A Universal Life policy is sometimes referred to as an unbundled Life Policy because the owner can see the interest earned, cost of insurance, and the:
Options:
a) inherent risk b) commission risk c) inflation factor d) expense charges |
The Correct Answer Is:
d) expense charges
Explanation of the correct answer (d) expense charges:
➦ The universal life insurance policy, also known as the unbundled life insurance policy, aims to separate various components of the policy, making it possible for the policyowner to view each of these components separately.
➦ Expense charges are one of the key components that the policyowner is able to see as part of the policy.
➦ The costs associated with administering and maintaining Universal Life policies are reflected in expense charges.
➦ These charges cover the insurer’s marketing, underwriting, policy administration, and agent commissions.
➦ These charges directly affect the policy’s cash value, so the policyowner can see them clearly.
➦ When expenses are deducted from a policy’s cash value, they reduce the amount of money available for investment, affecting its performance and growth.
➦ To understand the impact of these charges and to be aware of changes in the underlying investment, policyowners should carefully review their policies.
➦ It is also important for policyowners to consult their financial advisor about possible strategies for reducing these charges.
Now, let’s explain why the other options are not correct:
a) Inherent risk:
➦ The inherent risk of Universal Life policies refers to the inherent risk associated with the underlying investments or sub-accounts within the policy.
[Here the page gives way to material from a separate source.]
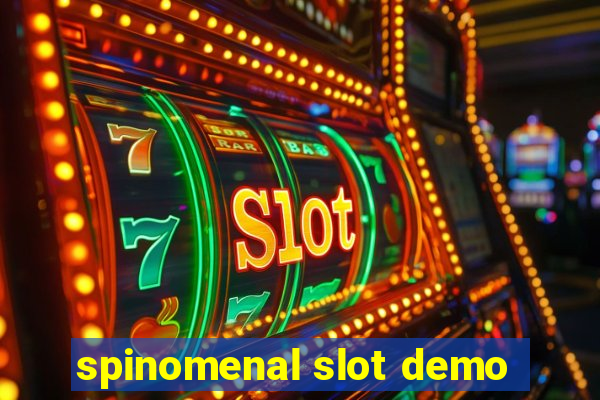 spinomenal slot demo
➦ Although policy owners have control over how they allocate their cash value among different investment options, inherent risk is not usually a component that is explicitly highlighted to the policyowner.
➦ Generally, it is based on the performance of the chosen investments and the market risks that are associated with them.
b) Commission risk:
➦ A commission risk is a risk in which the insurance agent or advisor may earn money from the sale of a policy as a result of it.
➦ It is important to note that commissions are an important part of selling insurance policies.
➦ However, in a Universal Life policy, commissions are not normally itemized or clearly visible to the policyholder.
➦ Commissions are generally paid by the insurance company from their earnings, not by the policyholder.
c) Inflation factor:
➦ Universal Life policies do not typically disclose the inflation factor to the policyholder or unbundled it.
➦ It is important to note that inflation, although it is a broader economic factor that impacts the value of money over time, is not a line item a policyowner can view separately.
➦ Inflation is a broader economic factor that impacts the value of money over time.
Conclusion:
➦ In summary, a Universal Life policy is referred to as an unbundled policy because it breaks down various components for transparency, and expense charges are one of these components that the policyowner can easily see, so that is why it is called an unbundled policy.
➦ Several of the other options (a) inherent risk, (b) commission risk, and (c) inflation factor are not usually itemized or separately visible in a policy, making them incorrect choices.